▶ **WHAT THE EXERCISE ASKS**
Which lines run from the one containing "Multifunctional 5tier Coat" to the end of the entries? Quote them exactly, and nothing else.

▶ **TASK INPUTS**
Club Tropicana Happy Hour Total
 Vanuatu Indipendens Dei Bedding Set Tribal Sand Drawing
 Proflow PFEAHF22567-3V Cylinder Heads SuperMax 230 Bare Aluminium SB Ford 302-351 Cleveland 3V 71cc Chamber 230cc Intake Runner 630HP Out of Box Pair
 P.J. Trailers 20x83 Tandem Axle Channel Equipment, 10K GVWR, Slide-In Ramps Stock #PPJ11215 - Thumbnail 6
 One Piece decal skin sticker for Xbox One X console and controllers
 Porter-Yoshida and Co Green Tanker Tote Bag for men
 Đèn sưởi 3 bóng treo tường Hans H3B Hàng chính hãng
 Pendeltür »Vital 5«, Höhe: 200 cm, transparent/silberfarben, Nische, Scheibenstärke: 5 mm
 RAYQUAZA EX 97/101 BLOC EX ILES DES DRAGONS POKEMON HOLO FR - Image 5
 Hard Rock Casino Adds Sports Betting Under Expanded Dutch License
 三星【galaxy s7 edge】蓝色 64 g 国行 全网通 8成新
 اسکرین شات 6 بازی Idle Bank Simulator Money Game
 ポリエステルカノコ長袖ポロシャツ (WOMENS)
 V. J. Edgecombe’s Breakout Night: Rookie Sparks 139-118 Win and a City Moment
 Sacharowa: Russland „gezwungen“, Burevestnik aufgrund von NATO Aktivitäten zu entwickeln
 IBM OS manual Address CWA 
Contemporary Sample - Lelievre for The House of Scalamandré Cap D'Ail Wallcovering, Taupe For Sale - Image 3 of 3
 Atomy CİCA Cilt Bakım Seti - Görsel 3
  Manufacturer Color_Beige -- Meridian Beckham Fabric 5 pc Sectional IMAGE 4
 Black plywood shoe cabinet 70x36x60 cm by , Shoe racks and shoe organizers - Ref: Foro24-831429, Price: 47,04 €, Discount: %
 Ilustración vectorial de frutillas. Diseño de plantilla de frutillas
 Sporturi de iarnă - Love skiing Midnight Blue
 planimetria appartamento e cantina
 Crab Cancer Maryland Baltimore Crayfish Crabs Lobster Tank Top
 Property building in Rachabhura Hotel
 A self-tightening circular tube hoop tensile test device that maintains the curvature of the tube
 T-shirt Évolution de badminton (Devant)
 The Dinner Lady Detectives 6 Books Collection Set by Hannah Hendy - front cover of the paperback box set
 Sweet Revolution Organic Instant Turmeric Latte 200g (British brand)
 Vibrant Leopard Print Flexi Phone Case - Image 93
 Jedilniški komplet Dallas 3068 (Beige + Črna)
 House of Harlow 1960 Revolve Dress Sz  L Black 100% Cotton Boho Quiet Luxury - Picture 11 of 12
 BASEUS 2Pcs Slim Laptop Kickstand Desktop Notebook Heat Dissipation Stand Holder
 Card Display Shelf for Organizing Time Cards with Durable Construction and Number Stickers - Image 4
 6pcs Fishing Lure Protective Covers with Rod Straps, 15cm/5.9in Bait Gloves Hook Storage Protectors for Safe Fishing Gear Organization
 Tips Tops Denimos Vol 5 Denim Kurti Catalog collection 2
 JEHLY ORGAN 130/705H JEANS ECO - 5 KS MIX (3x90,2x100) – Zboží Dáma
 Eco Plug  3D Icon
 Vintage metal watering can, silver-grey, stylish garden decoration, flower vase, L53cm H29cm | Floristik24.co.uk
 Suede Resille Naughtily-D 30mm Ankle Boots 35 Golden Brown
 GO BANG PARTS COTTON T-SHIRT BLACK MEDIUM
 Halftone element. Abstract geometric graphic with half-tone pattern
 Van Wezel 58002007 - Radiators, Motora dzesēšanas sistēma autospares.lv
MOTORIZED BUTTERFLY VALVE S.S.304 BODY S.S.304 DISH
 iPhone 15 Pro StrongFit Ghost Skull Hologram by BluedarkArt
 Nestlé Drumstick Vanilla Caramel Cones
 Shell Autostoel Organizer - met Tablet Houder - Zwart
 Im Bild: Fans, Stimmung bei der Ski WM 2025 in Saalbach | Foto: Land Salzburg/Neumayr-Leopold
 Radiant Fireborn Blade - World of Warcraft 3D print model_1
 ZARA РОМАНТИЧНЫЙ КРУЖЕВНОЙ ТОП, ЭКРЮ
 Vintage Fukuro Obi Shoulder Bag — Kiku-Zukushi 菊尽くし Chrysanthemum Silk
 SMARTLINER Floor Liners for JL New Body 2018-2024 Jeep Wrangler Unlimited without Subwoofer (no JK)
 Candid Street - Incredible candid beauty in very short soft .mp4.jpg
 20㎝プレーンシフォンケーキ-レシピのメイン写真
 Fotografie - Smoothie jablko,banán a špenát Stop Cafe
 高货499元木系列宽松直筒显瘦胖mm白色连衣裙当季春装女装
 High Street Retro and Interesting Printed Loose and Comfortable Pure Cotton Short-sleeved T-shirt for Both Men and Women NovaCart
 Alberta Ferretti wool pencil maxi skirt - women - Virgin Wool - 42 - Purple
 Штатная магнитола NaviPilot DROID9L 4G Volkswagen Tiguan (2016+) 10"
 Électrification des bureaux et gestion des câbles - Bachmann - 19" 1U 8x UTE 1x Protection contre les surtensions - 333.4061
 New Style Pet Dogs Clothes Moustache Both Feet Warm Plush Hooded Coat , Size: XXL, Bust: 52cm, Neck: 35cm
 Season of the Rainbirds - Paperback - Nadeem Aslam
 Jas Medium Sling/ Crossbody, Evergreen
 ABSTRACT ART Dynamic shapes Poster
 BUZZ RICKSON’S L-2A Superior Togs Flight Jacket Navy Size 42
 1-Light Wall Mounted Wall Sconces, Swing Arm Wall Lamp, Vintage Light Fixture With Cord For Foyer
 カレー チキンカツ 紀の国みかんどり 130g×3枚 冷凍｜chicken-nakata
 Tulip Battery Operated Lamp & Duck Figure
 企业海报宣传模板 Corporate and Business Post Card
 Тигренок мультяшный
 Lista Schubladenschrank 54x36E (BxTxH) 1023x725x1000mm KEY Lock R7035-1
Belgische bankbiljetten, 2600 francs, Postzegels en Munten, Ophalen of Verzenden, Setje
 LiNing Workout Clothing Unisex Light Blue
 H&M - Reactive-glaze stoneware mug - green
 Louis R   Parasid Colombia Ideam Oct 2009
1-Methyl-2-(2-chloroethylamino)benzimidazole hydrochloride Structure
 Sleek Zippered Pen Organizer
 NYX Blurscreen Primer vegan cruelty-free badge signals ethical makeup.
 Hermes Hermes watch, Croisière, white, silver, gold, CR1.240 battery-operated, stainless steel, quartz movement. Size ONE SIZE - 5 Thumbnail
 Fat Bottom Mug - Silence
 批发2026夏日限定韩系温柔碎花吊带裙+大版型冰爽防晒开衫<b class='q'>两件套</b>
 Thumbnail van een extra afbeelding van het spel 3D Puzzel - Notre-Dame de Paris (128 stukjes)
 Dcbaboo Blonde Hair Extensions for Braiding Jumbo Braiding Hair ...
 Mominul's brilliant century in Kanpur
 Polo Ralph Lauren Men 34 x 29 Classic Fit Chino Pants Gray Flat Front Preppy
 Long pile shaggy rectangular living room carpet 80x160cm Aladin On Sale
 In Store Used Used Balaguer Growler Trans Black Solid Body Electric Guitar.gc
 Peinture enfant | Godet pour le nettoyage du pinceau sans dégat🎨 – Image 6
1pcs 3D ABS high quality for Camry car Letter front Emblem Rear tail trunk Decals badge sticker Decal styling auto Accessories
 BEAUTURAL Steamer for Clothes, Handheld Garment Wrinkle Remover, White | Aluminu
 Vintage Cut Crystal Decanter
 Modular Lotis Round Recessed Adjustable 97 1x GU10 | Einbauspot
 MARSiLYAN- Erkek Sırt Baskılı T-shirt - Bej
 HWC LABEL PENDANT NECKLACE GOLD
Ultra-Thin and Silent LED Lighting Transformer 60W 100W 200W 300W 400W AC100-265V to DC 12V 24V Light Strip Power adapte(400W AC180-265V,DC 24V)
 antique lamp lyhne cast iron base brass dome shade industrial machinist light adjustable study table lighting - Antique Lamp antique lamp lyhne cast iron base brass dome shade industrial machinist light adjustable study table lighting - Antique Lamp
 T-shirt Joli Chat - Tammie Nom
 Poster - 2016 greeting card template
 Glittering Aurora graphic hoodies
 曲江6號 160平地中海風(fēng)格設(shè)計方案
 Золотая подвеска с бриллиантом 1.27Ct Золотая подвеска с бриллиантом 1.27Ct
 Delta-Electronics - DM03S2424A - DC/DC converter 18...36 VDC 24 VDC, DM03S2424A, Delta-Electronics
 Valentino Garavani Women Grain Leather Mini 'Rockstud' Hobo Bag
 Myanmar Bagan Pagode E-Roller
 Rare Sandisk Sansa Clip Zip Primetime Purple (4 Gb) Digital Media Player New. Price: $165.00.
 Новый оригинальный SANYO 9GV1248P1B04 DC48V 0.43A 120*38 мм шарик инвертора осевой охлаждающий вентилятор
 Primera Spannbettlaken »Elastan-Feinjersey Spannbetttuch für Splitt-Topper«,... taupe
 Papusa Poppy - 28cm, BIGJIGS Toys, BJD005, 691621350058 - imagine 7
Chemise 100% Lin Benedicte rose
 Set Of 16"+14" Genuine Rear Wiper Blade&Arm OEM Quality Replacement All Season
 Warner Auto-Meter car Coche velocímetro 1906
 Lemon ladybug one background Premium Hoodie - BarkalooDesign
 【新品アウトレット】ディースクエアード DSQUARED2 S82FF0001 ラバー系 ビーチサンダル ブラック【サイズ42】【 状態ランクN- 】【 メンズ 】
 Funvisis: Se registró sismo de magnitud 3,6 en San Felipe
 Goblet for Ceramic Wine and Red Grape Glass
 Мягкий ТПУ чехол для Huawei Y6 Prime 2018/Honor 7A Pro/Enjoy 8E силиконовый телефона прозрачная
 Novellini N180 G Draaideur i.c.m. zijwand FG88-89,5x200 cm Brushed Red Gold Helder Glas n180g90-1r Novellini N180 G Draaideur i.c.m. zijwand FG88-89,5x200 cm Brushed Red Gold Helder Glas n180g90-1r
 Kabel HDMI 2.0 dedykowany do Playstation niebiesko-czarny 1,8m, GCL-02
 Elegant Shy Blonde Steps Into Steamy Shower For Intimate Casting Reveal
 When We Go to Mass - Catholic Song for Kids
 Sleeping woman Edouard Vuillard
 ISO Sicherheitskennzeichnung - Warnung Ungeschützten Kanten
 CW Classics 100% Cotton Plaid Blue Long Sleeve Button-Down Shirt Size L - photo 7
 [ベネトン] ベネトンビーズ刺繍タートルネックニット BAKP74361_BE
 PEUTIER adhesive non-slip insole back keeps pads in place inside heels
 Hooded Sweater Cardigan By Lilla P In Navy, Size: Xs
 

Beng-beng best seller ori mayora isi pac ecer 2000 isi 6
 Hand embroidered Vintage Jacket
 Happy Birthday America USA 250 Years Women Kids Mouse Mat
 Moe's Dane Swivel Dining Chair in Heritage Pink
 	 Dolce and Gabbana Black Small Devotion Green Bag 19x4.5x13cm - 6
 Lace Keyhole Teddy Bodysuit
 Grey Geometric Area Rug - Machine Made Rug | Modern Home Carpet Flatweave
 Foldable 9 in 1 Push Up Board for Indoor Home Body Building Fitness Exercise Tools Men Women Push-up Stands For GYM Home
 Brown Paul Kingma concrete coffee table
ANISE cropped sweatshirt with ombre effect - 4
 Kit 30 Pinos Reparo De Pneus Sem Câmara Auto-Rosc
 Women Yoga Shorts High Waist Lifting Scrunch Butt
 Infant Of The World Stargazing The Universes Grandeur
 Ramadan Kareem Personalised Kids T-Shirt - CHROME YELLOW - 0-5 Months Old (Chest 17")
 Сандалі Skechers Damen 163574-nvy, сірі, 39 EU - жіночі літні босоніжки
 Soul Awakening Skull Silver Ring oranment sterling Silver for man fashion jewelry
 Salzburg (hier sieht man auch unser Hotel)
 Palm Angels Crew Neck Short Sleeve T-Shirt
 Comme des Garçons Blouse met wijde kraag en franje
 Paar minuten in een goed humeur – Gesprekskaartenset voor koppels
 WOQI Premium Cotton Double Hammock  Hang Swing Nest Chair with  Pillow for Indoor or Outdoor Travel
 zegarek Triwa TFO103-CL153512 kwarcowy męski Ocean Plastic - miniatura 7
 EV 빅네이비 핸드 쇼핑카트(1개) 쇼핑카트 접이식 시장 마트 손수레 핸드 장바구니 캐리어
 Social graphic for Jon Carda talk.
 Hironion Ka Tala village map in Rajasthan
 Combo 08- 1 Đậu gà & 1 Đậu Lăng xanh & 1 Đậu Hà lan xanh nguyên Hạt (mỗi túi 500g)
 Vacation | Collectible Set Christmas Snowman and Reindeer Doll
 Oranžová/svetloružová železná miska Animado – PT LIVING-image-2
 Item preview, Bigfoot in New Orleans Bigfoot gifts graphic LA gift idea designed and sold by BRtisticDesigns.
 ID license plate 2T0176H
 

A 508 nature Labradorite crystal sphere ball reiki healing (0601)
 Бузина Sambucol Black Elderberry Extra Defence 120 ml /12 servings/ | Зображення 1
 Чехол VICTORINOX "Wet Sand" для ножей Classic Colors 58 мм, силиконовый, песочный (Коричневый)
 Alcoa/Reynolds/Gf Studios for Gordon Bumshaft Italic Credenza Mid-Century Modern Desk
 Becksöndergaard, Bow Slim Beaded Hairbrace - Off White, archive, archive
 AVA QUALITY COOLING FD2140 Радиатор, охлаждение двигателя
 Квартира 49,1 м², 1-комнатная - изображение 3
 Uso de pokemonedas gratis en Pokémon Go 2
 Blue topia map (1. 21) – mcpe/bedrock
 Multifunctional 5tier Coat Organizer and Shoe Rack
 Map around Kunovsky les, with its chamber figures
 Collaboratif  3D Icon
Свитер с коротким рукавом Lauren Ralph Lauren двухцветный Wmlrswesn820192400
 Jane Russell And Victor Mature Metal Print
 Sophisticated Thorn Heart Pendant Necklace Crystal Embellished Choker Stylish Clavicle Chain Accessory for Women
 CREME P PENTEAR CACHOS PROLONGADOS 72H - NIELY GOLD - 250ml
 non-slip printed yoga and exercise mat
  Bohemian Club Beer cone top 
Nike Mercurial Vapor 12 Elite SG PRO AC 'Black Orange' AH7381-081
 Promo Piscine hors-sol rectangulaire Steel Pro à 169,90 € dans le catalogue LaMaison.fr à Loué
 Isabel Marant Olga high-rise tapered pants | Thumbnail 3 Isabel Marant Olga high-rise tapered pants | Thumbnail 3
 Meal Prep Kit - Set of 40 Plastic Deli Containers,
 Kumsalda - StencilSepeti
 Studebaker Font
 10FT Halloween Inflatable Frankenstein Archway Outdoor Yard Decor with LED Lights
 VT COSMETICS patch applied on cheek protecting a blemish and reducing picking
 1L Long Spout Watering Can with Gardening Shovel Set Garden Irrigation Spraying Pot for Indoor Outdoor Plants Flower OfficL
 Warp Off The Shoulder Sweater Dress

▶ **FINAL ANSWER**
 Multifunctional 5tier Coat Organizer and Shoe Rack
 Map around Kunovsky les, with its chamber figures
 Collaboratif  3D Icon
Свитер с коротким рукавом Lauren Ralph Lauren двухцветный Wmlrswesn820192400
 Jane Russell And Victor Mature Metal Print
 Sophisticated Thorn Heart Pendant Necklace Crystal Embellished Choker Stylish Clavicle Chain Accessory for Women
 CREME P PENTEAR CACHOS PROLONGADOS 72H - NIELY GOLD - 250ml
 non-slip printed yoga and exercise mat
  Bohemian Club Beer cone top 
Nike Mercurial Vapor 12 Elite SG PRO AC 'Black Orange' AH7381-081
 Promo Piscine hors-sol rectangulaire Steel Pro à 169,90 € dans le catalogue LaMaison.fr à Loué
 Isabel Marant Olga high-rise tapered pants | Thumbnail 3 Isabel Marant Olga high-rise tapered pants | Thumbnail 3
 Meal Prep Kit - Set of 40 Plastic Deli Containers,
 Kumsalda - StencilSepeti
 Studebaker Font
 10FT Halloween Inflatable Frankenstein Archway Outdoor Yard Decor with LED Lights
 VT COSMETICS patch applied on cheek protecting a blemish and reducing picking
 1L Long Spout Watering Can with Gardening Shovel Set Garden Irrigation Spraying Pot for Indoor Outdoor Plants Flower OfficL
 Warp Off The Shoulder Sweater Dress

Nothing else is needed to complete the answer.